A condition is an essential term: if breached, the innocent party can terminate the contract AND/OR claim damages (Associated Newspapers v Bancks). A warranty is a minor term: breach gives damages only, with no right to terminate (Bettini v Gye). The exam move is to classify the term first, because the class dictates the remedy.
How do you tell a term from a representation?
Use the Dick Bentley three-factor test (objective, reasonable-person): (1) the time gap between the statement and the agreement, (2) how important the statement was to the listener, and (3) whether the maker had special skill or knowledge. Breach of a term sounds in contract; a false representation routes you to misrepresentation instead.
What are the three contract remedies, and when does each apply?
Damages (common law, available as of right) put the innocent party in the position as if the contract had been performed — the expectation measure, subject to causation, remoteness and mitigation. Specific performance (an order to perform) and injunction (an order to refrain) are equitable and discretionary, granted only where damages are inadequate (e.g. unique subject matter like land) and the claimant's conduct is clean.
Why do BSB250 problems often say 'do not discuss the ACL'?
The Australian Consumer Law implies powerful consumer guarantees, but exam problems frequently instruct you to answer on common-law contract only. If the rubric says ignore the ACL, classify the term and reason from the common-law cases — do not reach for statutory consumer remedies. Always read the instruction.
If a pre-contract promise is excluded by the Parol Evidence Rule, can it still be enforced?
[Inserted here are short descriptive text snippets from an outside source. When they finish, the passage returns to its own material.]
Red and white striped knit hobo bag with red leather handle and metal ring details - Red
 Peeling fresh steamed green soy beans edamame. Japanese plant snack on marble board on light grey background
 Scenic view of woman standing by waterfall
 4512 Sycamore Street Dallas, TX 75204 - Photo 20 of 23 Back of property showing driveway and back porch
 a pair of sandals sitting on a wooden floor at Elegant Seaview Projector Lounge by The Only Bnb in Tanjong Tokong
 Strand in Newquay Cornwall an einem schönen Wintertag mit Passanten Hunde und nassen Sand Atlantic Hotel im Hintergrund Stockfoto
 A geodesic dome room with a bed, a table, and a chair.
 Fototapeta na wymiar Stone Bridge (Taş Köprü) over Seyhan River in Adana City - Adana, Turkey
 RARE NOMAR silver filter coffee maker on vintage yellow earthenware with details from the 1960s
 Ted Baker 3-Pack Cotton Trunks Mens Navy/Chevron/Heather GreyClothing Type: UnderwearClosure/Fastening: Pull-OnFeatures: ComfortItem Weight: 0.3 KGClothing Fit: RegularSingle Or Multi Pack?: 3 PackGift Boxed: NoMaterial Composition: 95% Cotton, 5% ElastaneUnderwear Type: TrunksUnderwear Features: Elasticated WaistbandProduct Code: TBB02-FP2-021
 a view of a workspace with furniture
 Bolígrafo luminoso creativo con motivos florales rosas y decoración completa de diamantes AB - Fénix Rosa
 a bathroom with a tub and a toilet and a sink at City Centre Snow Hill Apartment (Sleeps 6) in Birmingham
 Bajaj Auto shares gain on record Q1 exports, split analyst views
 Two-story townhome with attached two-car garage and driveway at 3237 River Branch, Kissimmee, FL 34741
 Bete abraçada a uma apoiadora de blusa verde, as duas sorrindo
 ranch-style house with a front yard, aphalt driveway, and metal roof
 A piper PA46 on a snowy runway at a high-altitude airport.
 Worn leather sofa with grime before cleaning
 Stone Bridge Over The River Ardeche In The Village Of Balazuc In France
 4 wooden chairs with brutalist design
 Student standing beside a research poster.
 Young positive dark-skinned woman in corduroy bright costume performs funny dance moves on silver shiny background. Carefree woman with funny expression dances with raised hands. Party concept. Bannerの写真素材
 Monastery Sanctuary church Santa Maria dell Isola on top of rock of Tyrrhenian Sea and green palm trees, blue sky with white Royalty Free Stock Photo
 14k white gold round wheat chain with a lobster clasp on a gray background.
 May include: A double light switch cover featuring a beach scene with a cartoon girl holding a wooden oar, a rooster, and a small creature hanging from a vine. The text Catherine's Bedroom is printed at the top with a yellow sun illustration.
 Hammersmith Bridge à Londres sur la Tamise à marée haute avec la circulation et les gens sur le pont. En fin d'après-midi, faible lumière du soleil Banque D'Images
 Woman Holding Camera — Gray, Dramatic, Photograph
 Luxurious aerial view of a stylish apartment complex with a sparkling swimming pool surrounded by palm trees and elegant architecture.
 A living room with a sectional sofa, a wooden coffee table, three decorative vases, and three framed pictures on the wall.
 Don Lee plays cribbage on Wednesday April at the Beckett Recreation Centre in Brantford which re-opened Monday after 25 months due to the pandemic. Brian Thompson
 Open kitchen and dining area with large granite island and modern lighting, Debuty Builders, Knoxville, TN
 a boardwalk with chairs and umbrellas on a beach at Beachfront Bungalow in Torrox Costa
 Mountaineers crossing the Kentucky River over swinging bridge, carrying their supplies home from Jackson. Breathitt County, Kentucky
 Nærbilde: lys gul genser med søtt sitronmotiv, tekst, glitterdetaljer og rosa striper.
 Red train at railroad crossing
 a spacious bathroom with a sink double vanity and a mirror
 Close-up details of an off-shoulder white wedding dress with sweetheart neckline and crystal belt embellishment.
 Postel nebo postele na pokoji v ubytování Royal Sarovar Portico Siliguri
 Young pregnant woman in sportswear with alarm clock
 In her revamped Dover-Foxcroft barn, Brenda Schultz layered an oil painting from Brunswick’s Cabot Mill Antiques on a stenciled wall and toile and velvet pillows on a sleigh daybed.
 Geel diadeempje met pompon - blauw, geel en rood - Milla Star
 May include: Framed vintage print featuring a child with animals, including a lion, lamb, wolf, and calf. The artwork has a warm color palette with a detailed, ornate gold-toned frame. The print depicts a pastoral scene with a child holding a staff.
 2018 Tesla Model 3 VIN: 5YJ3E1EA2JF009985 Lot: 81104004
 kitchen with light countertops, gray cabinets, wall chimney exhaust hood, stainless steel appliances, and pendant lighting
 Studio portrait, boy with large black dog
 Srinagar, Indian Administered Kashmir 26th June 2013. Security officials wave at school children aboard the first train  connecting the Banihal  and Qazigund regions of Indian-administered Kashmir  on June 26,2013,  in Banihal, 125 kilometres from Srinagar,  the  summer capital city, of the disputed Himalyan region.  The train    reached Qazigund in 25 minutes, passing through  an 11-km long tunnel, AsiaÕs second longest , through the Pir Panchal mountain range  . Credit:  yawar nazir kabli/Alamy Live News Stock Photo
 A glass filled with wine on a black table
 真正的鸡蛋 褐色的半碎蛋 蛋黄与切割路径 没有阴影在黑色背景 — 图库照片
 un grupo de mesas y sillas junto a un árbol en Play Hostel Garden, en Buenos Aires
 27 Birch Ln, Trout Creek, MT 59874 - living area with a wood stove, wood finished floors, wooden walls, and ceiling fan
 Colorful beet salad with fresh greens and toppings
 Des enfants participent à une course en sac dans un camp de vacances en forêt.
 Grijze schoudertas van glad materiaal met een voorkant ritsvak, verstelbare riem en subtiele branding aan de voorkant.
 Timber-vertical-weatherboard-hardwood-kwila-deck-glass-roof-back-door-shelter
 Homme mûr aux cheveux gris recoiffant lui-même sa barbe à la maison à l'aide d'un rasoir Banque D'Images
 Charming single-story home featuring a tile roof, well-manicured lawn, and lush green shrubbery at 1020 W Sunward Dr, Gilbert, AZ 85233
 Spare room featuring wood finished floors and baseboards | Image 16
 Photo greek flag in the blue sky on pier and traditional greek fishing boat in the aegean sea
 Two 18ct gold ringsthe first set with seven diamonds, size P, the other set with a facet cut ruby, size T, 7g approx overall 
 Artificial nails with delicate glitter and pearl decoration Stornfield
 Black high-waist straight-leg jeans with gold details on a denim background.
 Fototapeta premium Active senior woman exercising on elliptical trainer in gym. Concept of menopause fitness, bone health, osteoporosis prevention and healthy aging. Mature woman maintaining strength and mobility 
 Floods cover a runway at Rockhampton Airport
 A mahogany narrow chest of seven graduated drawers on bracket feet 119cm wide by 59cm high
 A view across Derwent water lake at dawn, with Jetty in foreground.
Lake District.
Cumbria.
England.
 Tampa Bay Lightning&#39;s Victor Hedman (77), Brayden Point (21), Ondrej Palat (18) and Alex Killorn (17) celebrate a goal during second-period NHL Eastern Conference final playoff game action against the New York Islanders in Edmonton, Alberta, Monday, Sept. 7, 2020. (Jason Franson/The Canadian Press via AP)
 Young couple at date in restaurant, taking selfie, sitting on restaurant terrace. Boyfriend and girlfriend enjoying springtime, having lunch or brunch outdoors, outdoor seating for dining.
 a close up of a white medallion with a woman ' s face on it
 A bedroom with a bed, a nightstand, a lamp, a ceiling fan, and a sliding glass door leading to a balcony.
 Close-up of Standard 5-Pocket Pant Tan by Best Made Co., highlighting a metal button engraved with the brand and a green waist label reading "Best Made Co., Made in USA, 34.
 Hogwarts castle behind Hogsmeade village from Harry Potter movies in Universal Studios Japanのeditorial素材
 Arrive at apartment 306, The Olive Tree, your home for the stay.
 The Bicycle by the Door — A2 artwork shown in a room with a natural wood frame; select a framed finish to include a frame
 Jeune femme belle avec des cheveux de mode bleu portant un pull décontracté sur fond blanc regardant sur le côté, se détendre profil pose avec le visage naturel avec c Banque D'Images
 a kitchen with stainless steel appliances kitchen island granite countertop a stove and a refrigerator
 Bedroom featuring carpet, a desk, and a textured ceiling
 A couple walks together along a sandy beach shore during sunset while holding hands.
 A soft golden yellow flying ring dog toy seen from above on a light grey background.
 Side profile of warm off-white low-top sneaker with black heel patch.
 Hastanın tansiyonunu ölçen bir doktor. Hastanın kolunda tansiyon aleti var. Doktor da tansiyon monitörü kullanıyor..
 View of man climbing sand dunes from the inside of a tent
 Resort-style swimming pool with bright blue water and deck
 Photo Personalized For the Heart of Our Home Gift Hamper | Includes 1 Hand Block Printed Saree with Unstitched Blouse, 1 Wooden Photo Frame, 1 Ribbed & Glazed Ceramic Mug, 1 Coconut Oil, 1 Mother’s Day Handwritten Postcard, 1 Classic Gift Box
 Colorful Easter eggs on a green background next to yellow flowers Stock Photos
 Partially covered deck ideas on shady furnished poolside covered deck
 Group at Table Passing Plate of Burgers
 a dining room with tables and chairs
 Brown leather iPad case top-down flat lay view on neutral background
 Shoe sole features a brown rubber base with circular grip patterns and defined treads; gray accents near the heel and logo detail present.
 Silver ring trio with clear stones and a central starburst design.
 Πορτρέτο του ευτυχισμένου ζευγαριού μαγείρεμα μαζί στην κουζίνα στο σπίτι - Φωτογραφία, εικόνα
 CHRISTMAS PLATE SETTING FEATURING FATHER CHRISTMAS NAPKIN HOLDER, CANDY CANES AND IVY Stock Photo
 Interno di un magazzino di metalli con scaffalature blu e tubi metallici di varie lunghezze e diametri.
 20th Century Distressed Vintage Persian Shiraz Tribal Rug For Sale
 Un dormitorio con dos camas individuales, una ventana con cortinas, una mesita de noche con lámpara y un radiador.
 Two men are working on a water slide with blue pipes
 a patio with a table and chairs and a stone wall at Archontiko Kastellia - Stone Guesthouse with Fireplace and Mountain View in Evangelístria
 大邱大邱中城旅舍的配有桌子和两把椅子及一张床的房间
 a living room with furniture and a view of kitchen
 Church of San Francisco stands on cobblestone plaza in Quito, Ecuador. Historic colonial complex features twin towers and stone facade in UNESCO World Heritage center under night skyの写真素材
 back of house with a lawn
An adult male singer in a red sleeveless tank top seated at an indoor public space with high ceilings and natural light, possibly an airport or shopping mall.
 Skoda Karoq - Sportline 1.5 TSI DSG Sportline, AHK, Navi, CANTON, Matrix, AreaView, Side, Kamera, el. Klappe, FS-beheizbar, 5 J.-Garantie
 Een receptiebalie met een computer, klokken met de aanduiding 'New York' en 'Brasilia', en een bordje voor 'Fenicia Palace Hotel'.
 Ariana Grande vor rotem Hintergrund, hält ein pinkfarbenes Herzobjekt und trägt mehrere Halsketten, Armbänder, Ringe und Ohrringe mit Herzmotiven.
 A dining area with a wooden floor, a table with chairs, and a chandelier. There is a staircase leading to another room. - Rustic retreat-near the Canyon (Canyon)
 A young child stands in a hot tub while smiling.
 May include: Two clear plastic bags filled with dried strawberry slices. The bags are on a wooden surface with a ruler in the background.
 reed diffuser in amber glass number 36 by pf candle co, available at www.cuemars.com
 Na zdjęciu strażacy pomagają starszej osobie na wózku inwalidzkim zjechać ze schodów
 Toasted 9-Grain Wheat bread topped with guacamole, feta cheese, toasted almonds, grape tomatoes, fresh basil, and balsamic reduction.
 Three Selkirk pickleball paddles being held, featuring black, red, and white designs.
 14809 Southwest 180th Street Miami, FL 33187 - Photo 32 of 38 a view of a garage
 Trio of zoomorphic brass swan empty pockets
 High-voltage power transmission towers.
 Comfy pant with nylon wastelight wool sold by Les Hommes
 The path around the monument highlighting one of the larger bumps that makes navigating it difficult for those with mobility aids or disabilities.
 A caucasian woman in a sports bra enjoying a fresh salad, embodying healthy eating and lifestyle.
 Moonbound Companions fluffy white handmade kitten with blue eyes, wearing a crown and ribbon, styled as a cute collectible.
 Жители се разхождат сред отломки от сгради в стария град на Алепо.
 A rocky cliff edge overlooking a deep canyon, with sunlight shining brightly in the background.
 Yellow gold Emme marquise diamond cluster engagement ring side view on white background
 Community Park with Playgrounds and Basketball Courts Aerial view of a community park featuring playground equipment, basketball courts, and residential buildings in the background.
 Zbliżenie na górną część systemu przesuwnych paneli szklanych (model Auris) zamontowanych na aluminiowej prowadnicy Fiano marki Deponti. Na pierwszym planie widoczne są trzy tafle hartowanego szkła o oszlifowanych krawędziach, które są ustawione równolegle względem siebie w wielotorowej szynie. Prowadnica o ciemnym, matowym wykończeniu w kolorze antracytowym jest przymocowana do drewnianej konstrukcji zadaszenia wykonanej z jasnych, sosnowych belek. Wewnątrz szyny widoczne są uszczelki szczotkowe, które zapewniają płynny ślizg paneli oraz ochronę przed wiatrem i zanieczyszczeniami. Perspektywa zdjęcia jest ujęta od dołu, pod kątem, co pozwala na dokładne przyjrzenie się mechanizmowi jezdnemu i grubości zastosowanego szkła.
Possibly, by two escape routes. A collateral contract (De Lassalle v Guildford) treats the promise as a separate side contract whose consideration was entering the main deal — breach gives damages but not specific performance of the main contract. Alternatively, if the statement was false and induced the contract, it may be actionable as a misrepresentation, with rescission and possibly damages.
Exam move
Run every contract-terms problem on one rail and the marks follow. (1) Confirm a contract exists (agreement + intention + consideration). (2) For each disputed statement, ask: is it a term or a representation? Apply the Dick Bentley three factors. (3) If it is a term, classify it as a condition or warranty (Bancks / Bettini v Gye) — write the class in capitals. (4) Check the gatekeepers: does the Parol Evidence Rule exclude an oral promise (signed writing, L'Estrange v Graucob), and is any exclusion clause incorporated, read contra proferentem, and not misrepresented (Curtis)? (5) If the statement is not a term, try a collateral contract or misrepresentation. (6) Match the remedy to the term — condition → terminate + damages, warranty → damages only, equity only where damages are inadequate. Because the exam is open-book, prepare a one-page case-and-remedy table; your time goes into APPLYING the rule to the facts, not recalling it.